> Work task: Every picture should be left out, but the lines below must be repeated exactly.

> Provided data:
────────────────────────────────────────
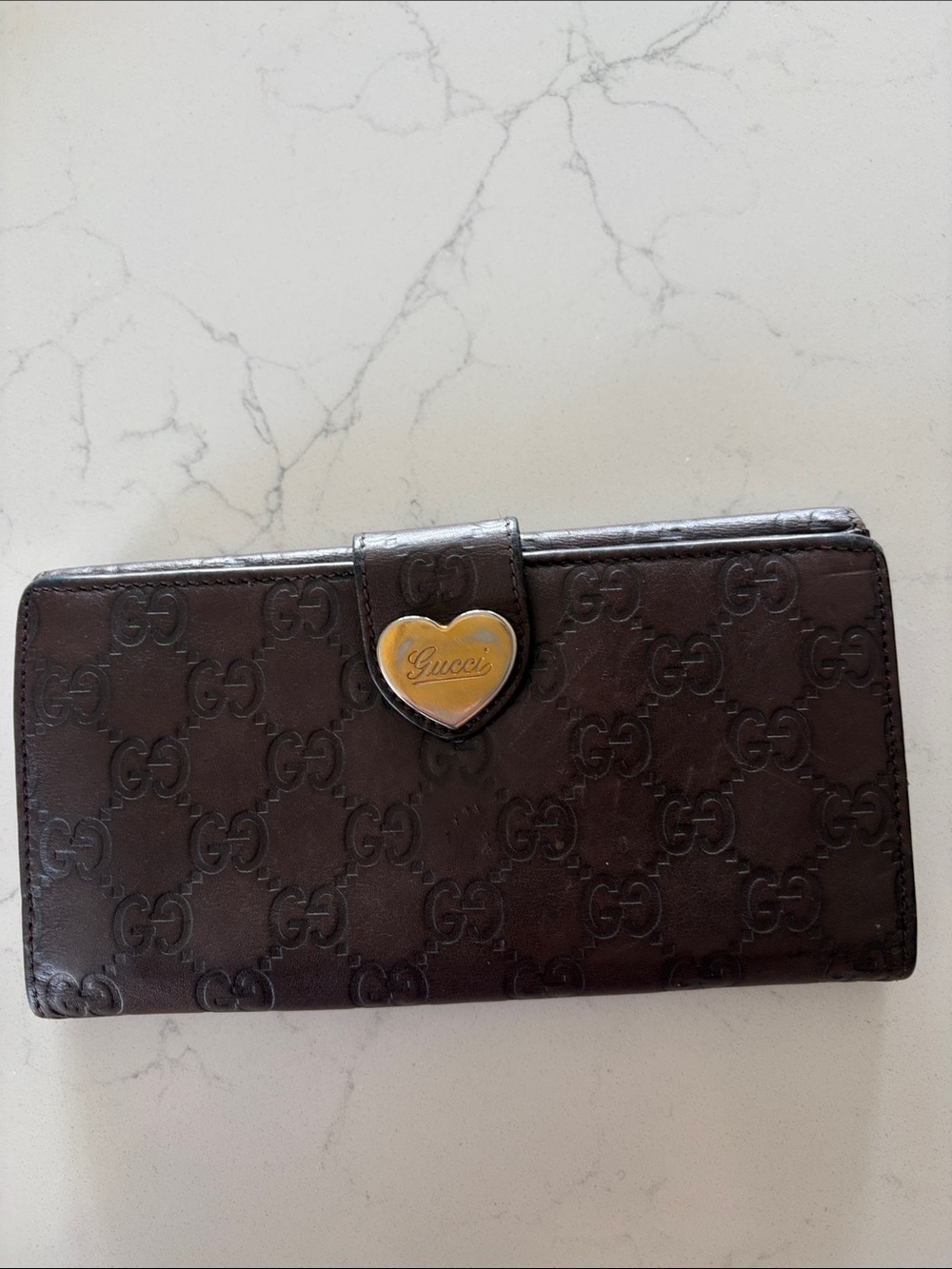Gucci Dark Brown Signature Leather Wallet with Gold Heart Snap
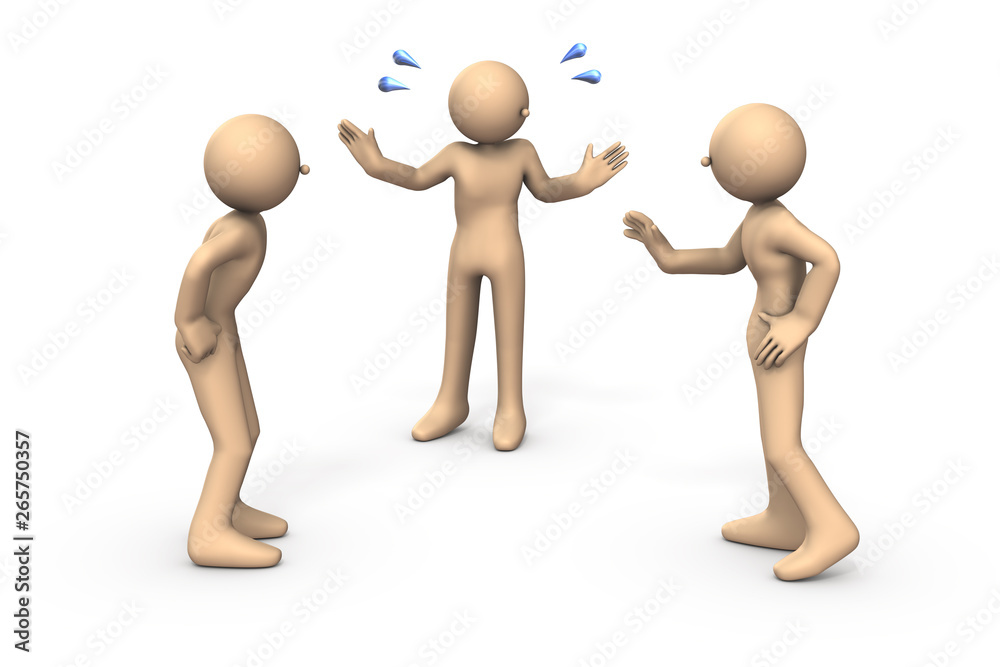 喧嘩する人と仲裁する人を表すアブストラクト 喧嘩する人と仲裁する人を表すアブストラクト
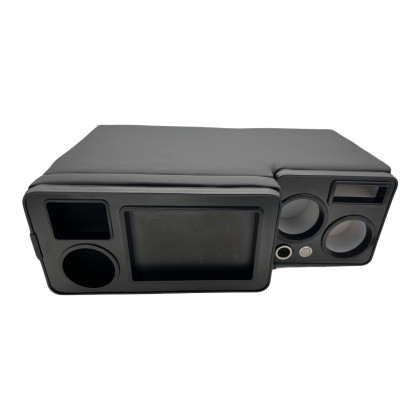 Multifunkční středová konzole pro VW T5 / T6 / T6.1 s úložným prostorem, USB, 12V podsvícená, all black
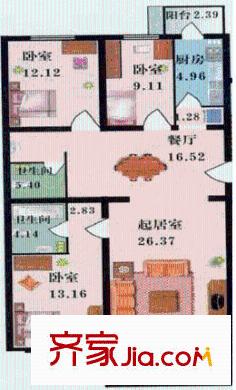 达富苑户型图户型图 3室2厅2卫1厨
────────────────────────────────────────
> Worked solution:
Gucci Dark Brown Signature Leather Wallet with Gold Heart Snap
 喧嘩する人と仲裁する人を表すアブストラクト 喧嘩する人と仲裁する人を表すアブストラクト
 Multifunkční středová konzole pro VW T5 / T6 / T6.1 s úložným prostorem, USB, 12V podsvícená, all black
 达富苑户型图户型图 3室2厅2卫1厨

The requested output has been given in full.